Tal vez no importe demasiado, pero uno agradecería tener
representantes menos imaginativos y mejor avenidos con la realidad. «No son las
mentiras francas, sino las refinadas falsedades las que entorpecen la expresión
de la verdad», avisaba Lichtenberg. La pseudología fantástica actúa de esa
manera, acumulando refinadas falsedades que poco a poco van cambiando la
apariencia del impostor hasta que él mismo acaba creyendo ser el personaje que
ha construido.
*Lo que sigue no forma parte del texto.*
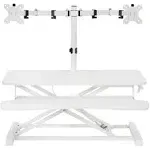 Vivo White 32" Standing Desk Riser with Adjustable Dual 13" to 30" Monitor Mount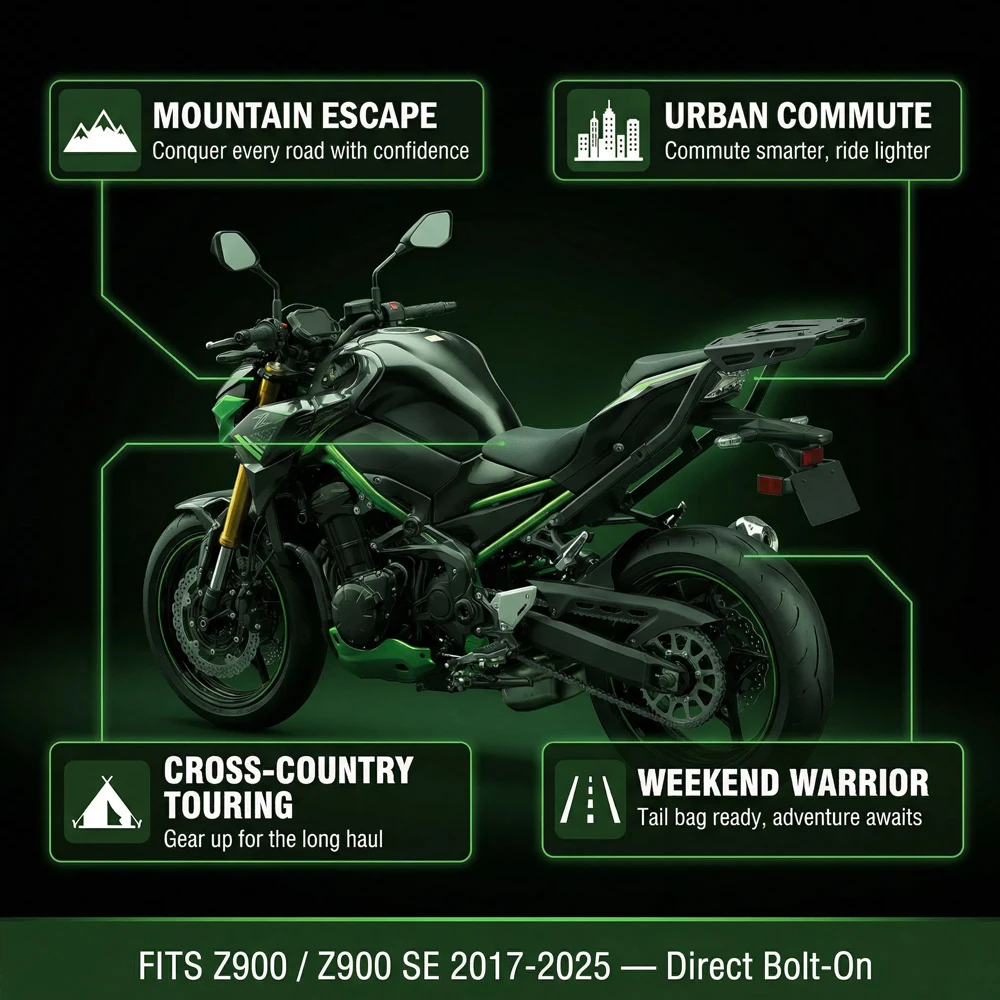 Фото Для мотоциклов KAWASAKI Z900 Z 900 SE 2017-2022 2023 2024 2025: Черный задний багажник-крепление для груза №3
Lo prodigioso es que Burgos y Valenciano no solo han conseguido
mantener su ficción durante más de diez años sin que nadie, ni en el Congreso
ni en el Parlamento Europeo, reparara en el detalle, sino que a lomos del
embuste han medrado hasta alcanzar la cumbre de su carrera pública. Y más
admirable aún es que en todo este tiempo no hubieran dedicado algún rato a
hincar codos, aunque solo fuera por reconciliarse con sus respectivas máscaras.
Al destaparse el asunto hemos perdido un médico y una letrada, pero quizá hayamos
ganado dos seres humanos que, como todos nosotros, también han vivido por
encima de sus posibilidades. Ellos sí que han sido unos sobretitulados.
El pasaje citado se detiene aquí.